Di dalam film terdapat beberapa adegan saat Temple berpikir dalam gambar. Yang pertama adalah saat ia mengikuti pelajaran Bahasa Prancis. Berkaitan dengan ia yang berkomunikasi langsung dan jelas, ia mengeluh dengan suara yang keras, mengatakan bahwa ia tidak suka belajar Bahasa Prancis. Dosen Bahasa Prancis pun menghampiri meja Temple, dan memintanya untuk membacakan apa yang telah dibaca dari buku tersebut. Temple pun bisa membacakan isi buku dengan detail hanya dengan melihat halaman buku tersebut sekali.
Hal ini juga terjadi pada saat ia merancang "Squeeze chute" atau mesin penghimpit. Ia bisa membayangkan bagaimana alat tersebut memberikan tekanan lembut yang akan menenangkannya.

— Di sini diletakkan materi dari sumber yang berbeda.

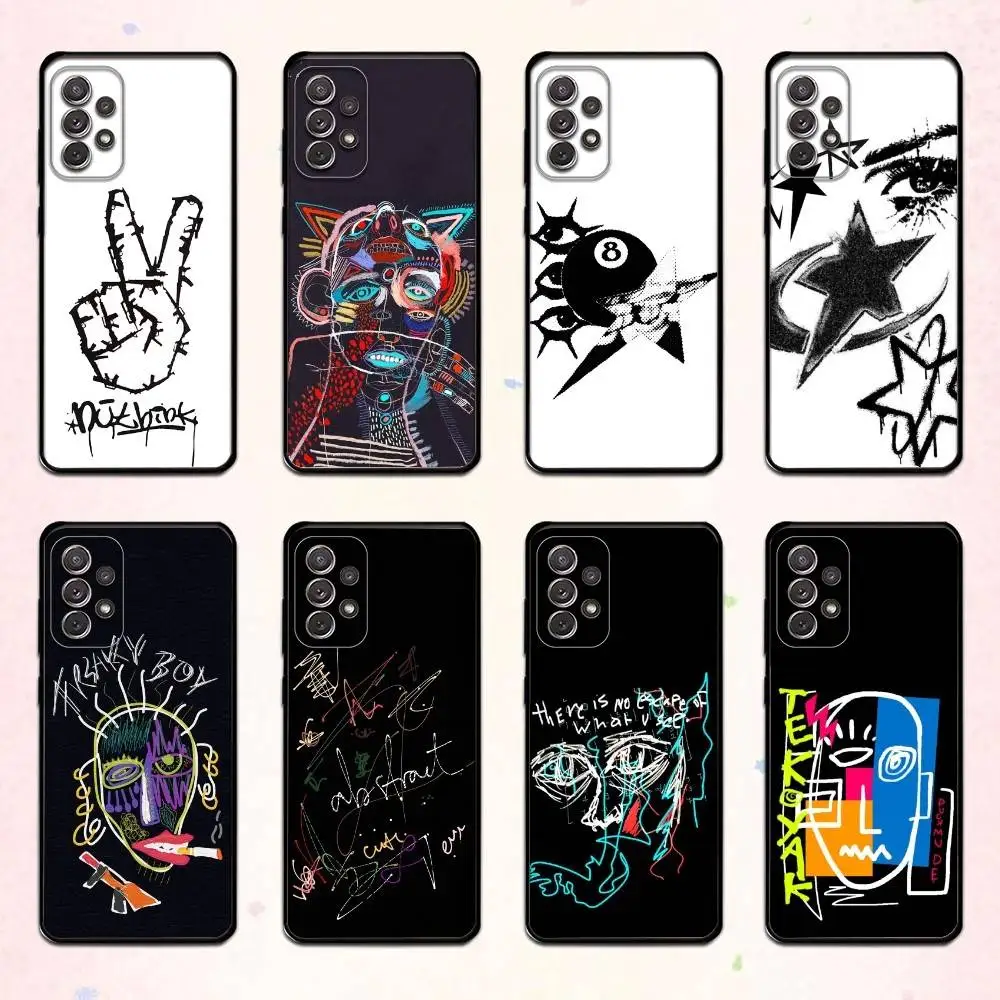 

E-Expressive Abstract G-Graphic Designs Phone Case For Samsung S 25,24,23,22,30,21,10,9,Ultra,Plus,Lite,FE,4,5 G Soft Black Case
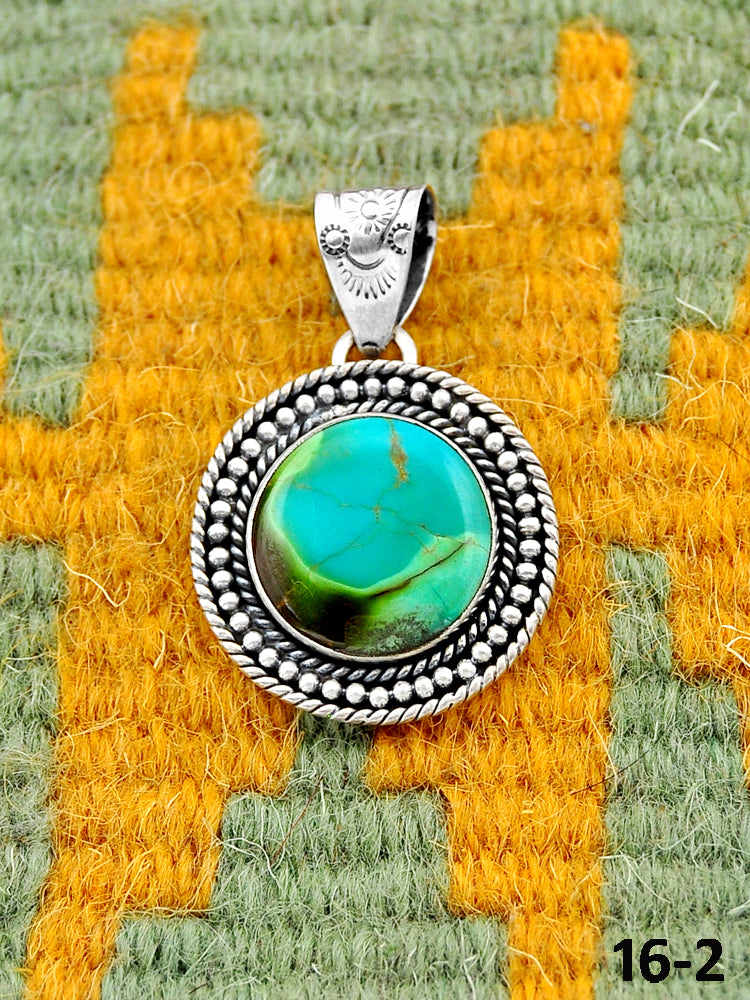 Southwest Handmade Royston Turquoise & Sterling Silver Pendants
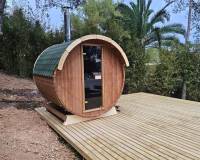 Finnish outdoor sauna - Barrel 220 for 4 persons 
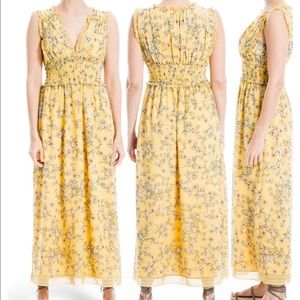 Max Studio Yellow V Neck Floral Midi Dress Size S
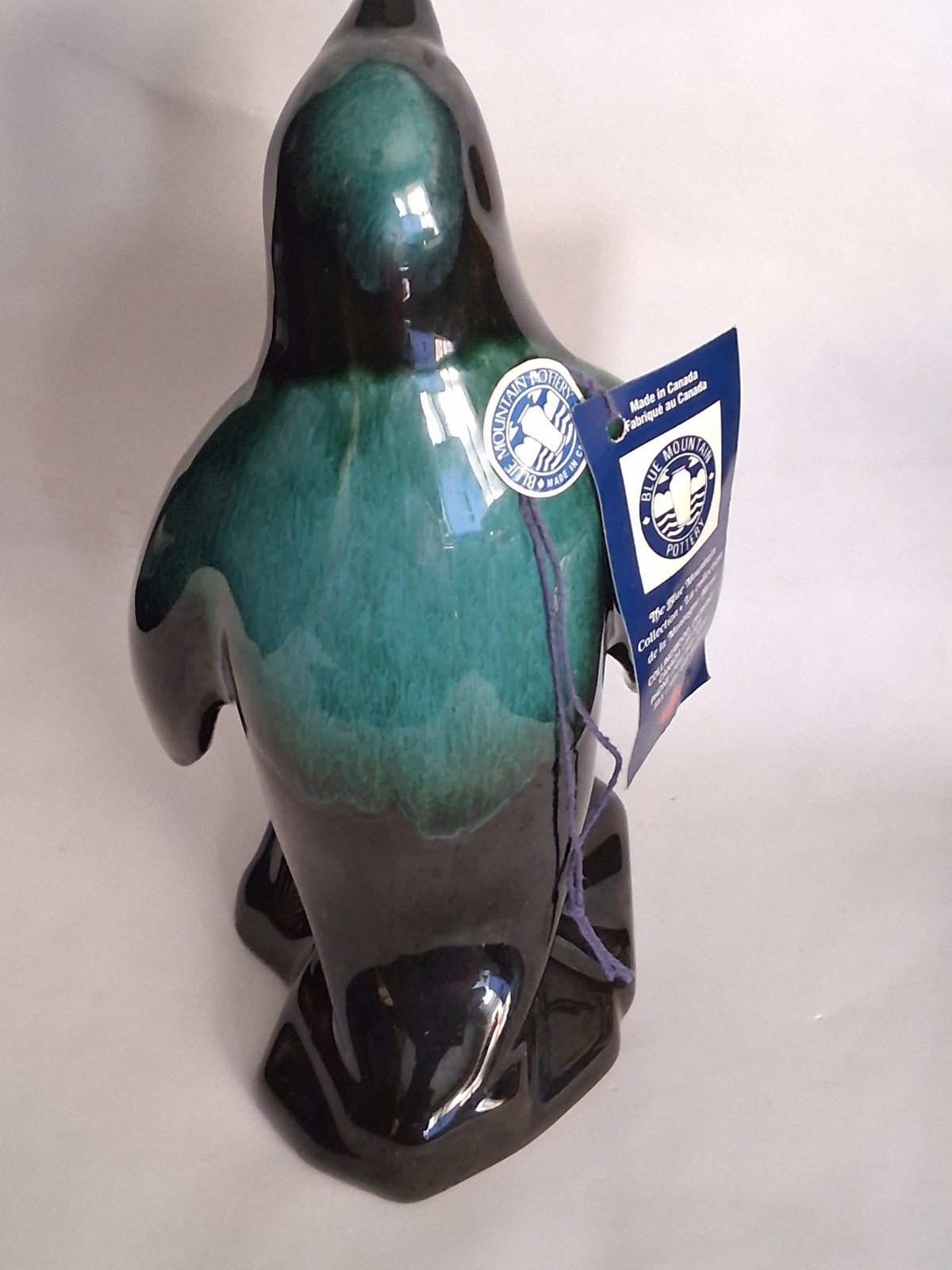 Penguin Figurine Statue 8” Tall Blue Mountain Pottery Drip Glaze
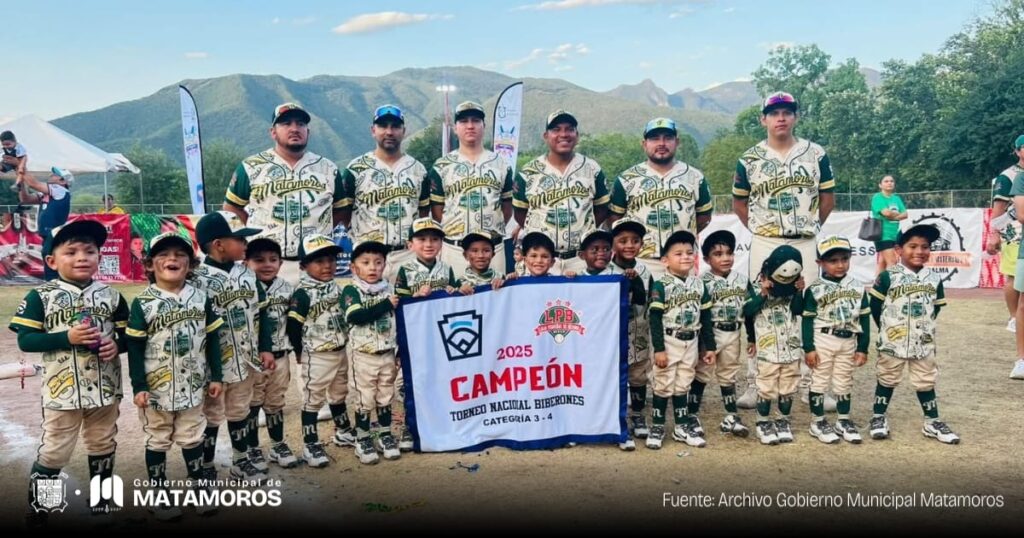 El gobierno de Matamoros felicita a la selección TEE BALL de Matamoros AC por coronarse Campeón Nacional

Ia bisa membayangkan gambaran konkret tentang bagaimana alat tersebut bisa memberikan rasa aman dan merupakan solusi yang efektif untuk mengatasi hipersensitivitas yang dialaminya.

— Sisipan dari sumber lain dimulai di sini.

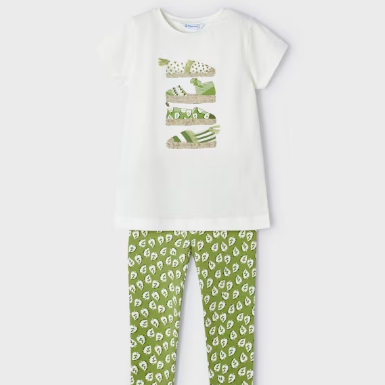 CONJUNTO PLAYERA M/C CON LEGGINGS A JUEGO NIÑA DE 2-8 AÑOS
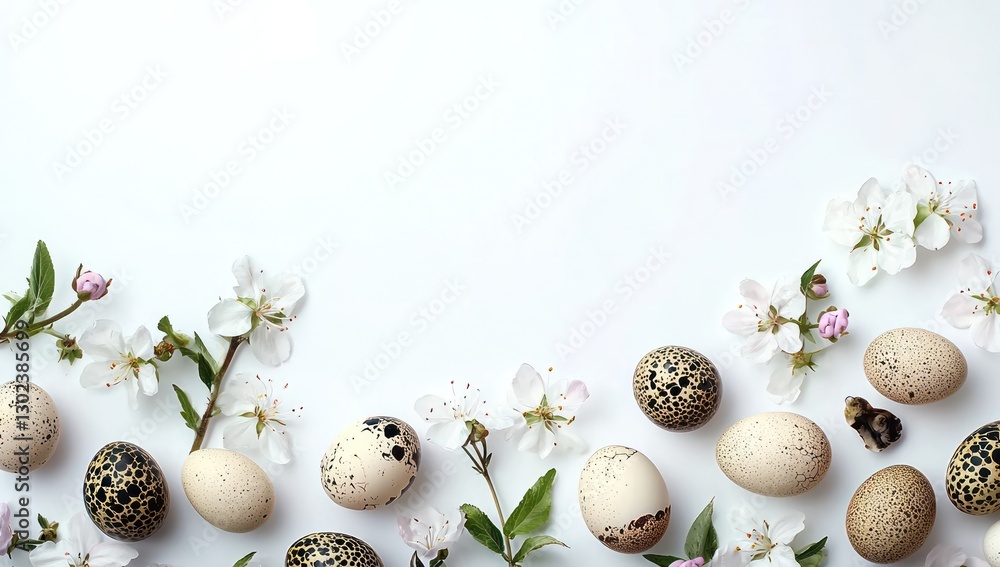 Obraz premium Spring arrangement of quail eggs and fresh flowers, set on a pristine white surface with space for text.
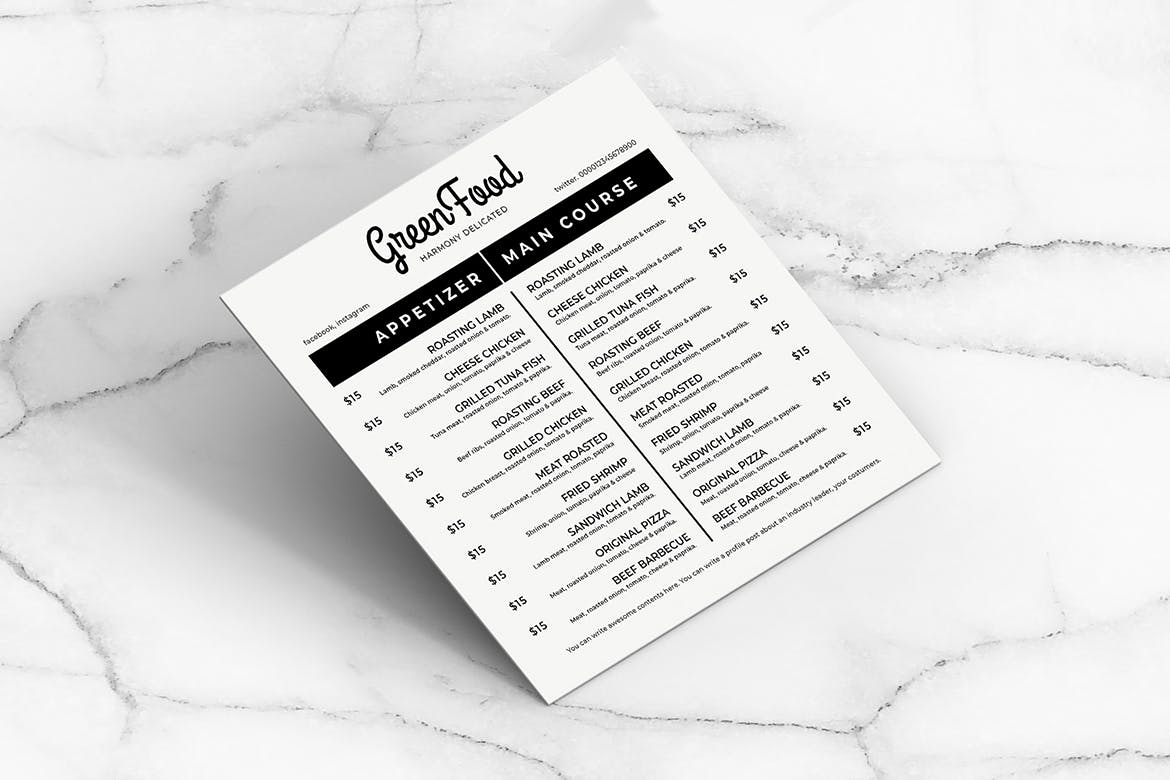 简约风西式餐厅素材库精选菜单模板v06 Square Food Menu. 06插图(1)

Setelah lulus dari Universitas Colorado dan melanjutkan pendidikan di Universitas Illinois, Temple membuat "Cattle Handling Systems" yang meminimalkan stres pada sapi saat pemotongan sapi lainnya. Ia bisa membayangkan gambaran konkret sapi yang bergerak di ruang tersebut. Ia merencanakan mulai dari detail, jalur, area penampungan, penggunaan material yang tidak berkilap, sistem pencahayaan dan hal-hal lain yang membuat sapi tidak bisa melihat proses pemotongan sapi lainnya.

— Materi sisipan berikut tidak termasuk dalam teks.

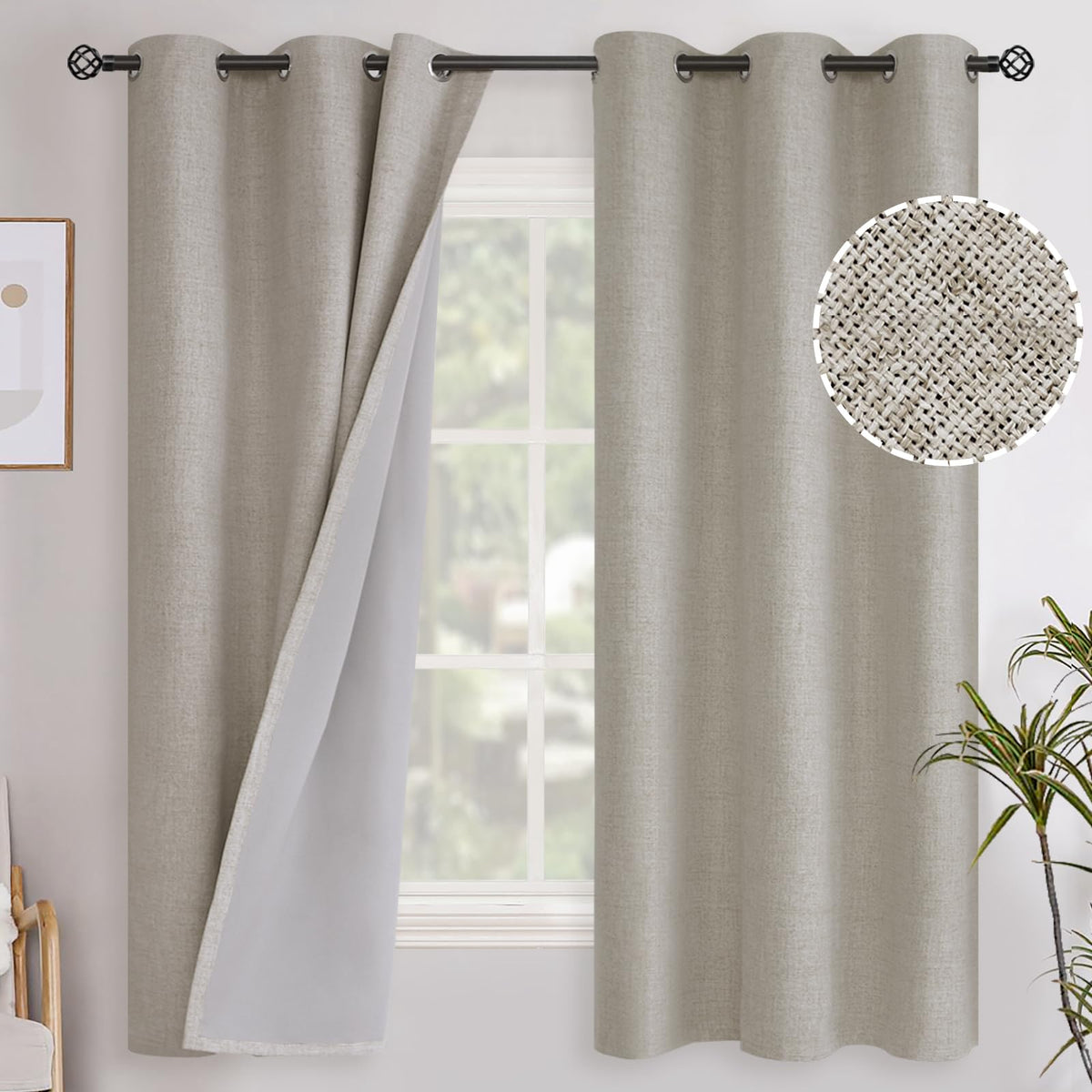 Youngstex Linen 100% Blackout Curtains 63 Inch Length, Grommet Thermal Insulated Short Textured Window Drapes Full Room Darkenin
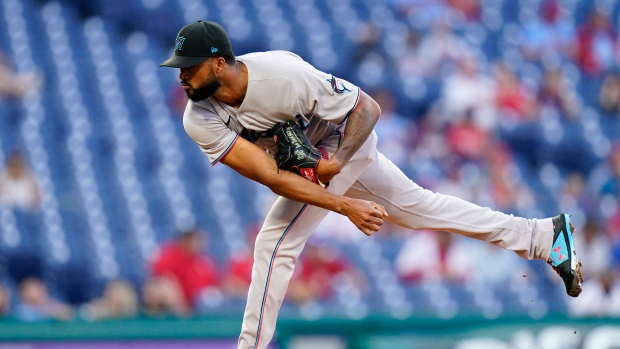 Alcantara tosses 2-hit ball, leads Marlins past Phillies 6-0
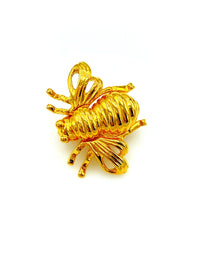 Petite Gold Joan Rivers Classic Bee Brooch - 24 Wishes Vintage Jewelry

Namun cara berpikir Temple yang berbeda dari manusia pada umumnya tidak hanya berbuah positif. Pada saat ia masih sekolah, beberapa orang menggangap dirinya bodoh karena sulit berkomunikasi dan juga tidak mengerti materi yang dijelaskan oleh gurunya. Stereotip tentang autisme juga membuatnya sulit untuk menyampaikan ide ataupun gagasan. Contohnya, pada saat ia menyampaikan ide di depan para peternak mengenai rancangan fasilitas pemrosesan hewan, mereka meremehkan gagasan tersebut, bahkan beberapa dari mereka tidak mau mendengarkan. Namun, hal tersebut berhasil Temple melalui tantangan ini dengan membuktikan bahwa rancangannya baik dan efisien dalam mengurangi stres saat pemrosesan pemotongan daging sapi, yang membuat peningkatan kualitas daging sapi. Hal ini yang membuat para peternak percaya dan mau mendengarkan ide Temple.